Bandeau éditeur conservé.

Témoin des premières années d’occupation et de l’engagement dans la résistance de René Char, avec une publication envisagée par Char dès avril 1941, Seuls demeurent restera à l’état de manuscrit et ce projet éditorial s’estompera à mesure de l’engament du poète à la résistance active : « Je ne désire pas publier dans une revue les poèmes que je t’’envoie. Le recueil d’’où ils sont extraits et auxquels en dépit de l’’adversité je travaille, pourrait avoir pour titre Seuls demeurent. Mais je te répète qu’’ils resteront longtemps inédits, aussi longtemps qu’’il ne se sera pas produit quelque chose qui retournera entièrement l’’innommable situation dans laquelle nous sommes plongés. » (lettre à son ami Francis Curel en 1941). Seuls demeurent est terminé au printemps 1943 mais, lorsque le poète envoie à Gallimard son contrat d’’édition, il exprime le souhait que son recueil ne paraisse « qu’’une fois la situation de notre pays définitivement éclaircie ».

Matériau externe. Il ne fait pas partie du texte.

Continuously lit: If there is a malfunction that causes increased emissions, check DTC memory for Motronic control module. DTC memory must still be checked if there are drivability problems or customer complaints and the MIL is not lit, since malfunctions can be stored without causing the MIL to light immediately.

Le recueil est composé de trois moments : « L’Avant-monde », qui regroupe des poèmes en prose, écrits entre 1938 et 1943. René Char ajoutera à l’ensemble un dernier poème en 1945, « La Liberté », qu’il avait envoyé à José Corti en août 1942. Suit « Le Visage nuptial », un ensemble de cinq poèmes d’’amour en vers datant de l’’été 1938 et du début de la guerre et enfin « Partage formel » : une série d’’aphorismes écrits en 1941 et 1942 portant sur le rôle du poète.

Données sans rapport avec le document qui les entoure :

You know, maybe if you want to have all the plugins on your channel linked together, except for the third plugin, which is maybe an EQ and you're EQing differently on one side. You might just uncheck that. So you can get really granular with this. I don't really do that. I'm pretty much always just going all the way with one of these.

Le recueil sera publié en février 1945, dans un tirage des plus restreints en grand papier : seulement 13 exemplaires sur pur fil (trois hors commerce A, B et C puis 10 chiffrés en romain), suivis de 1000 exemplaires sur châtaignier. Ces premiers tirages sont aujourd’hui forts rares.

L’exemplaire est offert à Lucien Biton, ami de Clovis Trouille et d’Yves Bonnefoy. Erudit surréaliste, collectionneur et bibliophile, sa correspondance avec Noël Arnaud est hébergée à la bibliothèque de l’Arsenal.